Records for the task:
○ ○ ○
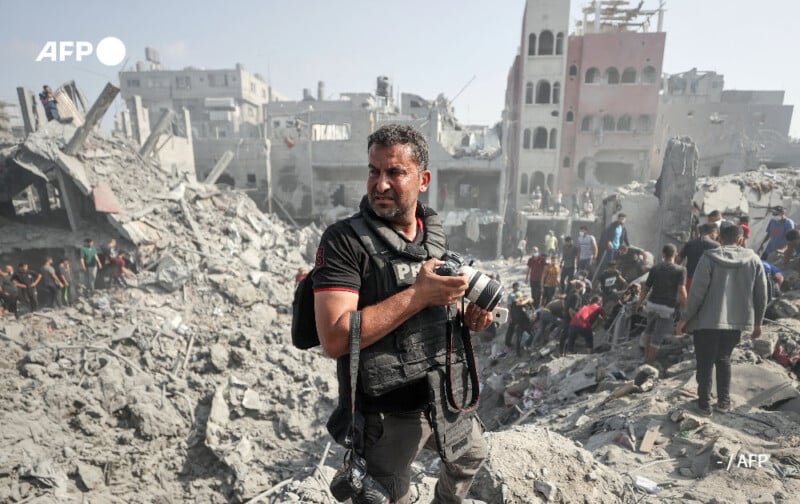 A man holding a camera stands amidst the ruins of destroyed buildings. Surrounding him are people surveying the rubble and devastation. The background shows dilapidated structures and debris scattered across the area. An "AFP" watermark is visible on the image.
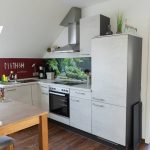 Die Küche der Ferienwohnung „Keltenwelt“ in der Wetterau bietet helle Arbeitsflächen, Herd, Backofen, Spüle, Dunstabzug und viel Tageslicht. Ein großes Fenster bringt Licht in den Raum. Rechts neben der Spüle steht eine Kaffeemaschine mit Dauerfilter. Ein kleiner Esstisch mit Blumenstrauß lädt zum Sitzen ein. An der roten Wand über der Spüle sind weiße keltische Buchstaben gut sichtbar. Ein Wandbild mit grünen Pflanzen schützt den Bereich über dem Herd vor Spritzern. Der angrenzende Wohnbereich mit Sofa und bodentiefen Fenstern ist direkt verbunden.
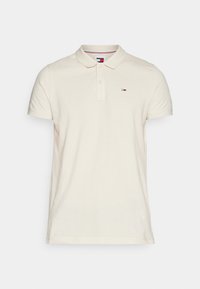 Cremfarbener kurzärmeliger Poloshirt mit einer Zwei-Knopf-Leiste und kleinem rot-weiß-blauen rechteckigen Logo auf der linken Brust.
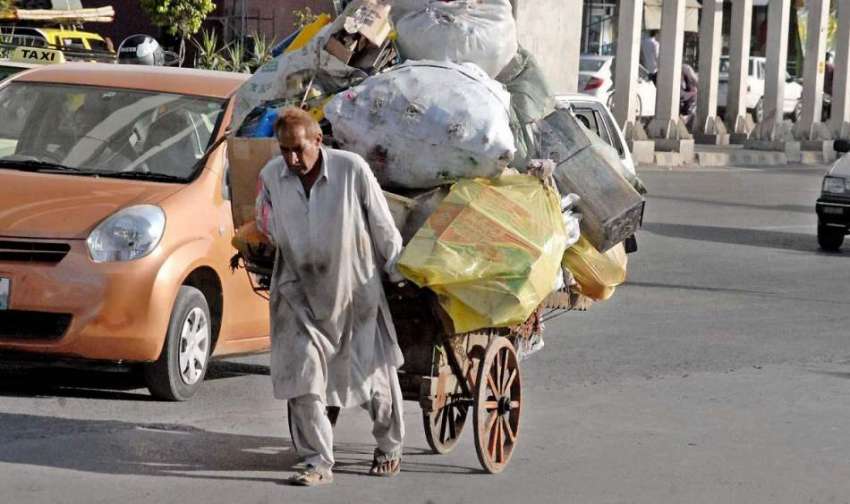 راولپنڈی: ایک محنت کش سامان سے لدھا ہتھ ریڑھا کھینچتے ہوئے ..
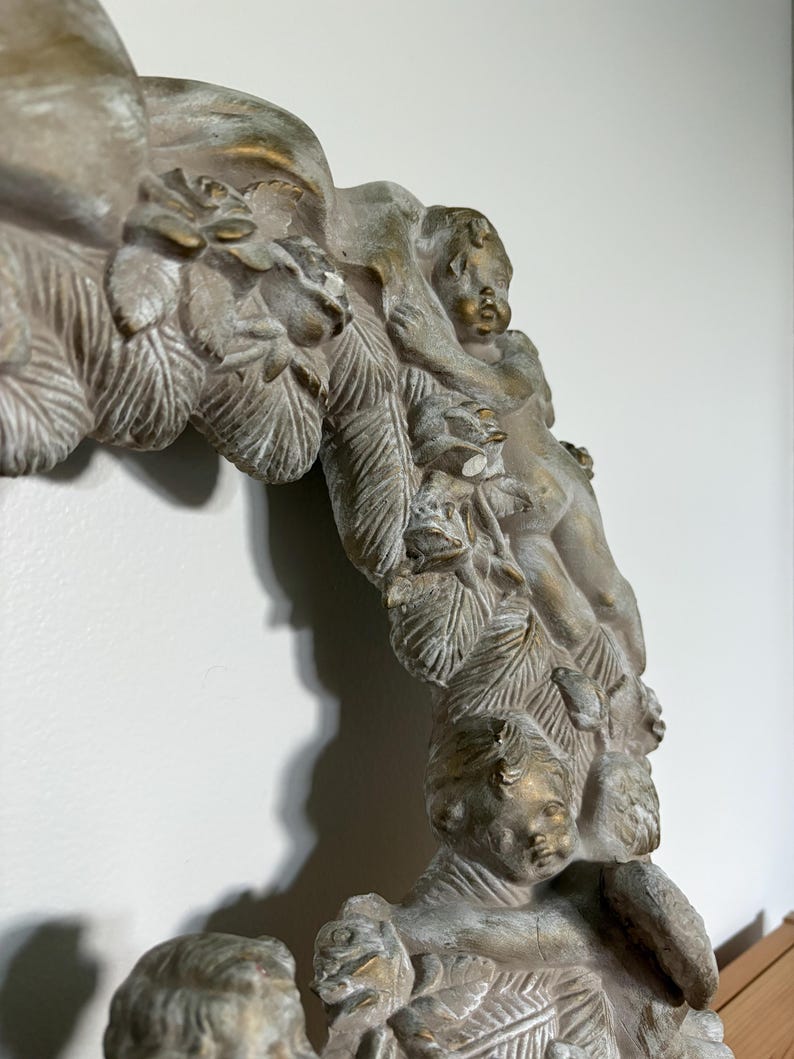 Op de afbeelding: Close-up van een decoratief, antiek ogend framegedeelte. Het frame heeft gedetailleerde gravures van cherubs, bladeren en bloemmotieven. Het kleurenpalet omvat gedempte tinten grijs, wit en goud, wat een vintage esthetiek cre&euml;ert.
○ ○ ○
Directions for this task: Omit the pictures and write out the remaining data exactly.

Result of the task:
 A man holding a camera stands amidst the ruins of destroyed buildings. Surrounding him are people surveying the rubble and devastation. The background shows dilapidated structures and debris scattered across the area. An "AFP" watermark is visible on the image.
 Die Küche der Ferienwohnung „Keltenwelt“ in der Wetterau bietet helle Arbeitsflächen, Herd, Backofen, Spüle, Dunstabzug und viel Tageslicht. Ein großes Fenster bringt Licht in den Raum. Rechts neben der Spüle steht eine Kaffeemaschine mit Dauerfilter. Ein kleiner Esstisch mit Blumenstrauß lädt zum Sitzen ein. An der roten Wand über der Spüle sind weiße keltische Buchstaben gut sichtbar. Ein Wandbild mit grünen Pflanzen schützt den Bereich über dem Herd vor Spritzern. Der angrenzende Wohnbereich mit Sofa und bodentiefen Fenstern ist direkt verbunden.
 Cremfarbener kurzärmeliger Poloshirt mit einer Zwei-Knopf-Leiste und kleinem rot-weiß-blauen rechteckigen Logo auf der linken Brust.
 راولپنڈی: ایک محنت کش سامان سے لدھا ہتھ ریڑھا کھینچتے ہوئے ..
 Op de afbeelding: Close-up van een decoratief, antiek ogend framegedeelte. Het frame heeft gedetailleerde gravures van cherubs, bladeren en bloemmotieven. Het kleurenpalet omvat gedempte tinten grijs, wit en goud, wat een vintage esthetiek cre&euml;ert.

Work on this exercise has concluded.